C’est un tribun qui, sur ce plan-là, perd la tête. À chaque fois qu’une personnalité importante est renvoyée devant un tribunal, ce n’est pas cela qui constitue un procès politique au mauvais sens du terme. C’est au contraire une avancée de la démocratie. Il faut que Mélenchon, comme d’autres, s’habitue à l’indépendance de la justice. Personne n’a dicté les réquisitions du parquet. Il est dommage que de telles intelligences se dégradent par de telles outrances. L’incarcération de Patrick Balkany vous a-t-elle choqué ? Non. J’ai trouvé la décision argumentée. Il y a eu une fraude fiscale massive, avérée. Peut-être le tribunal a-t-il voulu donner une tonalité symbolique à sa sévérité par l’arrestation à l’audience. Mais il n’y a pas de quoi tomber des nues.
Vous parlez, à l’inverse, d’une justice d’exception, accélérée, contre François Fillon en . N’est-ce pas pourtant, là aussi, une avancée démocratique ?
Au départ, je trouvais souhaitable qu’avant la présidentielle, les citoyens sachent exactement si ce qui était reproché à François Fillon était vrai ou pas. Et puis la réflexion m’a conduit à considérer que le Parquet national financier s’était rapidement autosaisi d’une affaire pour laquelle il n’était pas fondamentalement compétent. À ce moment-là, il y a eu un matraquage judiciaire, même si François Fillon a mis du sien dans son délitement politique.
‘‘ La démocratie est devenue de plus en plus exigeante”
La justice n’est pas si surchargée mais fonctionne mal, dites-vous…

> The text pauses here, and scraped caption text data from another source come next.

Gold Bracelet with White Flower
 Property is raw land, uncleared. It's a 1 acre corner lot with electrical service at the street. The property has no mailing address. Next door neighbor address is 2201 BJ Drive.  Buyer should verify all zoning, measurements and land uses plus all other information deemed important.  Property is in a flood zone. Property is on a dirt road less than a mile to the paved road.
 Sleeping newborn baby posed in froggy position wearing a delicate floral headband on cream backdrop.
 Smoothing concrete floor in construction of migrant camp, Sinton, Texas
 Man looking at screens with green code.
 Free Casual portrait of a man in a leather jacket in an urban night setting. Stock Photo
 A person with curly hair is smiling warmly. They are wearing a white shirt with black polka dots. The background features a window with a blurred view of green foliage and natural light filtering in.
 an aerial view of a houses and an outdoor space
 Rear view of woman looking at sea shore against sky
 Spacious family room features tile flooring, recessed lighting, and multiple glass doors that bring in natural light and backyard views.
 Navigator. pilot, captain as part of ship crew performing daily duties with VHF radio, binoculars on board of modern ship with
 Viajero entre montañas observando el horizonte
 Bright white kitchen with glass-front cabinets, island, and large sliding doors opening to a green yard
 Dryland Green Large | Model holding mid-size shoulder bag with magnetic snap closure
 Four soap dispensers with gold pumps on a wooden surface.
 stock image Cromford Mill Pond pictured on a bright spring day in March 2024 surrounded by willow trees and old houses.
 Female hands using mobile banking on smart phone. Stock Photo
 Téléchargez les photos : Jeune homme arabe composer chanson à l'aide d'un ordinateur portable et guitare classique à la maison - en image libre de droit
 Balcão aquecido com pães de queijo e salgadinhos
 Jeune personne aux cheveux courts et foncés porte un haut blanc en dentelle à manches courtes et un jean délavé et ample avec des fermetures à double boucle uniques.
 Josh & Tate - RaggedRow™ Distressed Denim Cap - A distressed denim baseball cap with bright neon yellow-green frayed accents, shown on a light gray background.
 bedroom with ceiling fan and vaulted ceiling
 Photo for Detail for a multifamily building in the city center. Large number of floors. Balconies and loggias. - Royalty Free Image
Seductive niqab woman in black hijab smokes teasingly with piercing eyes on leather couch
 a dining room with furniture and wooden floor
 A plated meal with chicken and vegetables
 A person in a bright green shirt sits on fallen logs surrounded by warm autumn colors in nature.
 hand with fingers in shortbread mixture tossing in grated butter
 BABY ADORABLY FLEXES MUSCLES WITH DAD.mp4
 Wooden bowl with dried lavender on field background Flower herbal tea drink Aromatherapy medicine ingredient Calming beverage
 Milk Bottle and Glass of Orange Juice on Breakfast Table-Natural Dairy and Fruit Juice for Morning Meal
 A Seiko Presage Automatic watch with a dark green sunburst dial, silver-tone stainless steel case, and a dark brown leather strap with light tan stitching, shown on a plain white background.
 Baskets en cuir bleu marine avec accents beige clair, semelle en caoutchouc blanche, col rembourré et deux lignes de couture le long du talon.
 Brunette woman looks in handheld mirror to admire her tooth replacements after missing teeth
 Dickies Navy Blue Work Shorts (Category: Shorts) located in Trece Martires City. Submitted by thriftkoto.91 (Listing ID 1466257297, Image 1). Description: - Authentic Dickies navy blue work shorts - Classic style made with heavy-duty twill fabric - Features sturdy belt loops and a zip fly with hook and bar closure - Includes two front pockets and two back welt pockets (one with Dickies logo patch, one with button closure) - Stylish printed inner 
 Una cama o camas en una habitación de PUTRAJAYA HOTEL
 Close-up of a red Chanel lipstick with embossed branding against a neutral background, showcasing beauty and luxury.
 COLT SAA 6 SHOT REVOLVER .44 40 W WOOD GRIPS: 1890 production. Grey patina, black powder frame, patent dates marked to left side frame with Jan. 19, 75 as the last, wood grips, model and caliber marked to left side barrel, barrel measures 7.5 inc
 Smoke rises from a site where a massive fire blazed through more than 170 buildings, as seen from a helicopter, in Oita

Je ne nie pas que des collègues, en province comme à Paris, aient beaucoup de travail. Mais il faut s’y atteler. On ne peut pas en permanence consoler le citoyen en disant que l’institution est en crise. Je n’aime pas ce discours défaitiste. Les magistrats acceptent trop volontiers une image négative. Il faudrait passer plus de temps à être enthousiaste et à se battre contre les dossiers. L’important est de savoir ce que le citoyen attend de la justice et d’essayer de lui apporter ce service public.
Le mépris de la justice envers la police, c’est une réalité ?
J’ai toujours remarqué que l’un des problèmes de la procédure pénale est la brisure qui existe entre l’enquête de police et la relève opérée par le judiciaire. Chaque fois, notamment, que la police est confrontée aux difficultés d’un métier ô combien nécessaire à la démocratie, elle est d’abord présumée coupable. Cette suspicion me scandalise. Il faut bien sûr être impitoyable à l’égard des policiers qui salissent la profession, mais il est vital que la police, pilier fondamental de la démocratie, soit soutenue. J’en ai assez de la voir sans cesse obligée de se justifier. Je rêve d’un État impitoyable pour les rares fautes établies, mais qui soutienne la police dans la quotidienneté.
‘‘ Il est vital que la police soit soutenue”
Vous évoquez une restriction de la liberté d’expression. Faut-il craindre son corsetage ?
On observe parfois des pudeurs de chaisière devant de petites indélicatesses de la pensée. La liberté d’expression est l’objet d’une dénaturation. Dans les controverses, on devrait juste se poser la question de savoir si ce qui est dit est vrai ou faux. Or, j’ai l’impression que depuis quelques années, l’interrogation ne porte plus sur la vérité ou le mensonge, mais sur la décence ou non du propos. C’est une dérive. Je préfère l’affrontement démocratique à la judiciarisation de la pensée, même si la justice fait des progrès dans l’appréciation de la logique médiatique. Il faut remplacer la décence par la vérité.